I and You berinteraksi menghasilkan percikan api. Bisa api cinta, bisa juga api benci. Jika seorang mencinta begitu dahsyat, maka dia juga bisa membenci begitu hebat. Bahasa lainnya, kalau seorang cintanya biasa-biasa saja, maka saat disakiti juga tidak terasa. “Emangnya gue pikirin,” katanya.
Dalam kehidupan bersama pasti ada percekcokan, beda pendapat, dan kesulitan. Kita harus memakai semuanya itu sebagai kesempatan guna belajar mengasihi. Orang yang egois, ego-nya sangat tinggi, tidak perduli kalau orang lain susah. Tak perduli apa kata orang, yang penting,” Saya, Saya dan Saya.”
Kenapa demikian?
Struktur Dasar Kepribadian: Id, Ego dan Super Ego
Orang yang egois selain dilahirkan dengan bakat dari sononya. Juga terbentuk kala seseorang memasuki fase pembentukan kepribadian. Waktu kecil, kemungkinan egonya tidak dibentuk tetapi dibiarkan tumbuh liar.
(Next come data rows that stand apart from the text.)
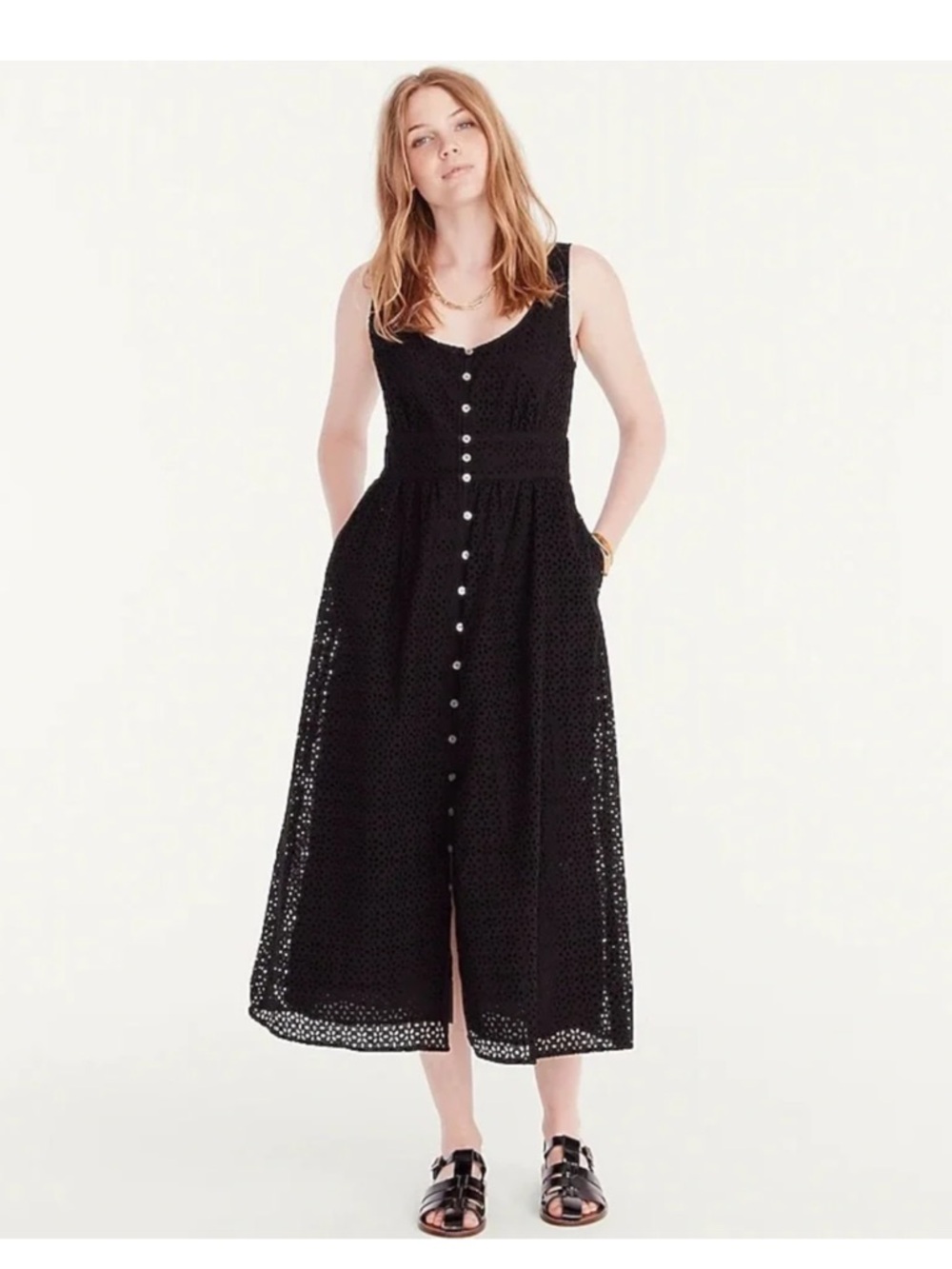 J. Crew Black Eyelet Button-Front Midi Dress 16 TALL 16T
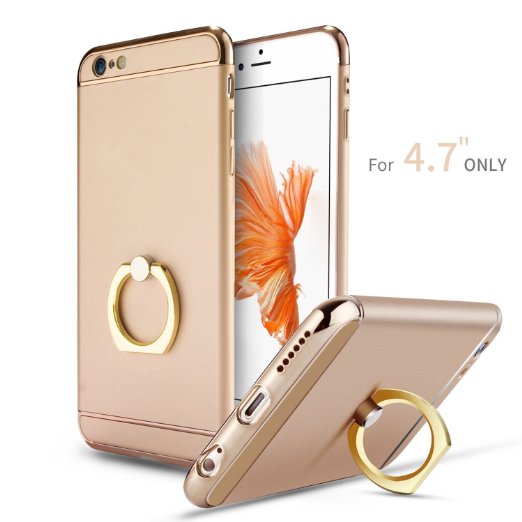 iPhone 6 Case,iPhone 6s Case,Myriann 3 in 1 Ultra Thin Hard Protective Luxury Case Cover for iPhone 6/iPhone 6s(4.7Inch)with 360 Degree Rotating Ring Kickstand(Luxury Gold)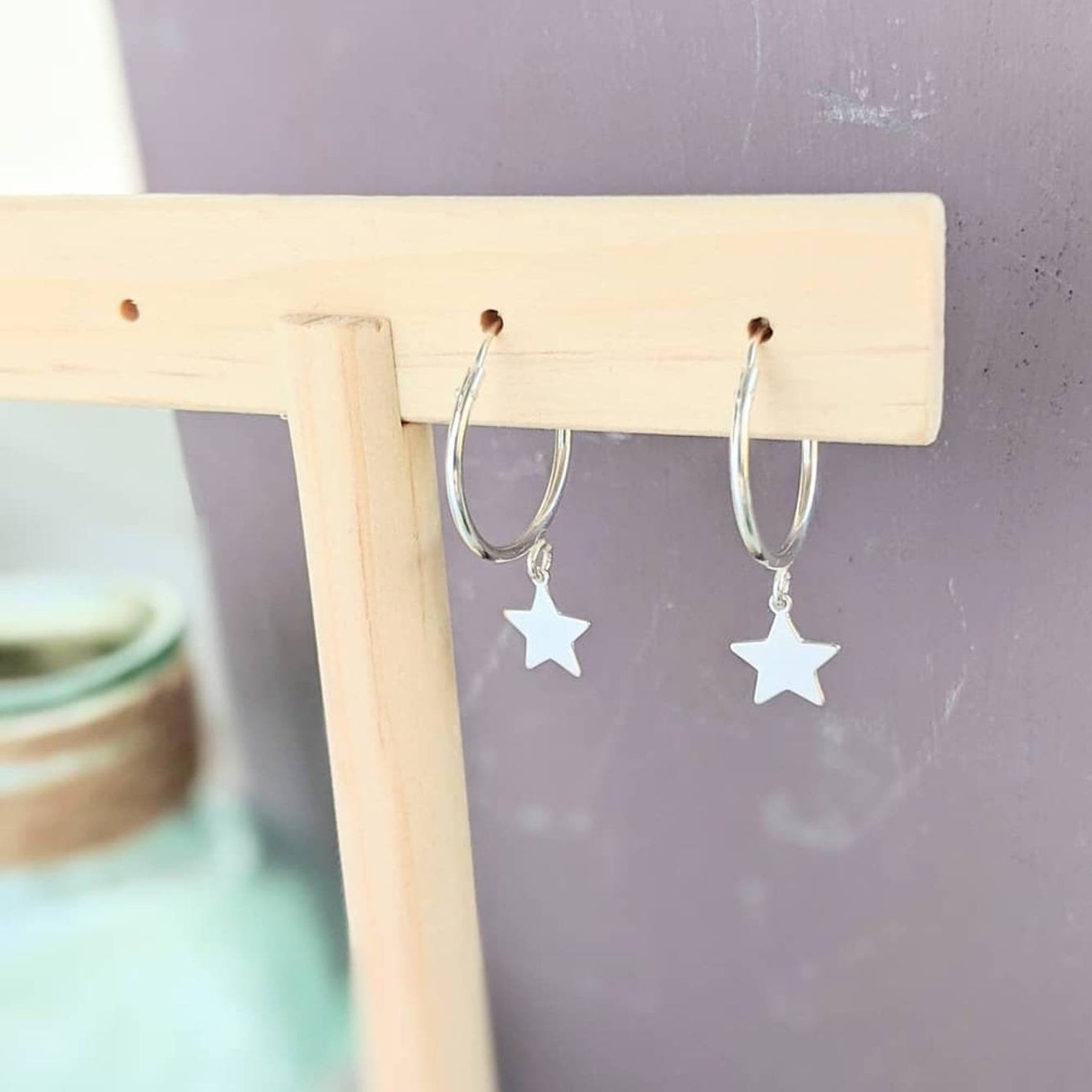 Orecchini A Cerchio Con Stelle In Argento 925 - Donna, Pendenti A Catena Con Tassello, Ipoallergenici, Eleganti Per Festa E Regalo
Hati nuraninya jadi tumpul dan tidak peka.
Daripada bingung, ada baiknya kita menguliti struktur dasar kepribadian manusia untuk mendapatkan pemahaman secara utuh.
Struktur dasar kepribadian seseorang tercakup tiga bagian:
- Id:
- Instink atau impuls yang diciptakan Tuhan untuk bertahan hidup.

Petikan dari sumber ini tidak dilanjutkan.